Jamais la Manche n’avait encore connu un tel drame. Mardi matin, une vingtaine de migrants ont tenté de rejoindre la Grande-Bretagne à bord d’une embarcation de type « pêche-promenade ». Pour une raison qui reste à définir, le bateau s’est retourné avant de sombrer au large de Dunkerque, dans le Nord. Quatre personnes, dont deux enfants, ont trouvé la mort. Le parquet de Dunkerque a ouvert une enquête afin de déterminer les responsabilités dans ce drame.

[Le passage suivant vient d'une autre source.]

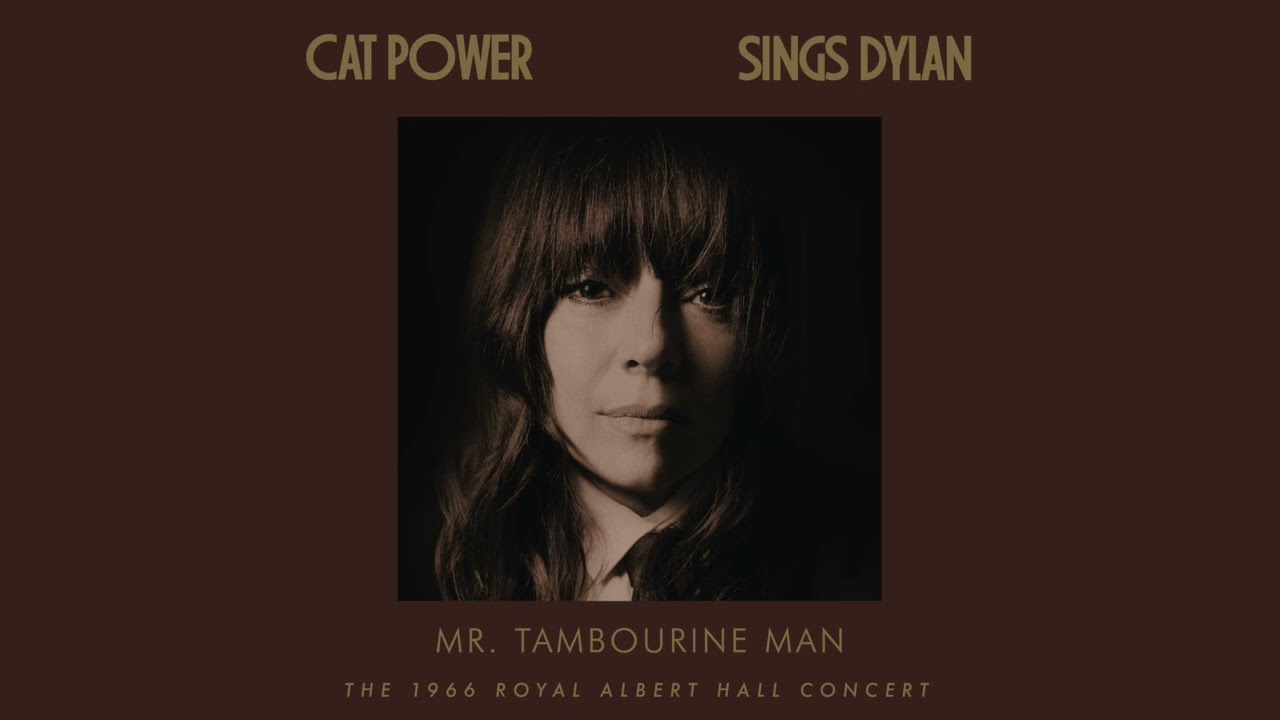 Cat Power - Mr. Tambourine Man (Live At The Royal Albert Hall) (Official Audio)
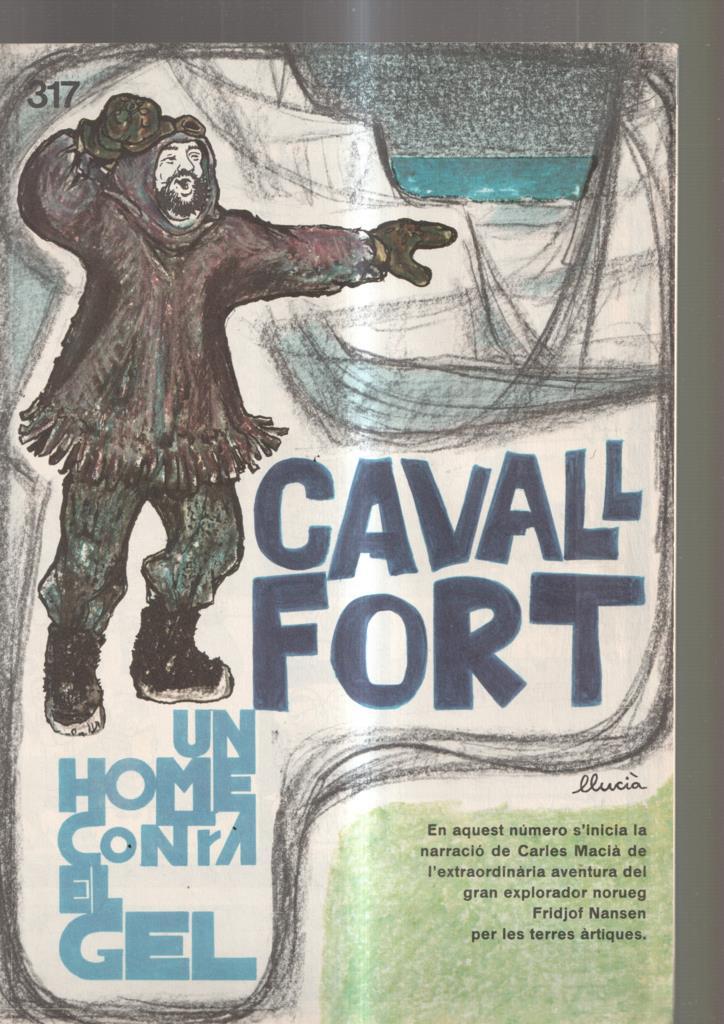 Cavall Fort numero 317: Un home contra el gel( I ) La travessia de Groenlandia-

Mardi, deux enfants de 5 et 8 ans ainsi qu’une femme et un homme, avaient trouvé la mort en tentant de rejoindre les côtes anglaises. L’embarcation utilisée était un bateau de « pêche-promenade », « rigide et à moteur », selon les premiers éléments de l’enquête.

Identifier les victimes, les passeurs et le pilote

Quatorze migrants, rescapés du naufrage « ont été ou sont en train d’être entendus », en garde à vue, a indiqué, mercredi, le procureur de Dunkerque, Sébastien Piève. Une autre personne « nécessite toujours des soins, et n’a pas pu être entendue », a ajouté le procureur.

« Il s’agit d’établir s’ils sont des victimes ou des passeurs […] et d’identifier de possibles mis en cause, en particulier le conducteur de ce bateau », a poursuivi le procureur. Certaines gardes à vue vont être progressivement levées pour ne conserver que de potentiels suspects et « envisager jeudi un ou plusieurs déferrements ».

Selon des témoignages, les victimes décédées « pourraient appartenir à une même famille », qui se serait « retrouvée dans la cabine » au moment du naufrage, mais cela « reste hypothétique » selon le procureur.

Une famille entière décimée

Certaines déclarations font état de « 22 personnes à bord au total, ce qui signifierait que trois personnes sont toujours manquantes, dont un enfant en bas âge », a-t-il ajouté, estimant qu’il « pourrait s’agir du troisième enfant de la famille décédée ».

« Nous formons l’hypothèse que ces personnes – qui se déclarent essentiellement Kurdes de nationalité iranienne, et pour certains Kurdes irakiens – sont parties du camp de Grande-Synthe, auraient été conduites par des passeurs jusqu’à une plage proche […] puis auraient navigué une quarantaine de minutes avant de se retourner » en raison du mauvais temps, a-t-il détaillé. Selon le procureur, toutes les personnes à bord n’étaient pas équipées de gilets de sauvetage.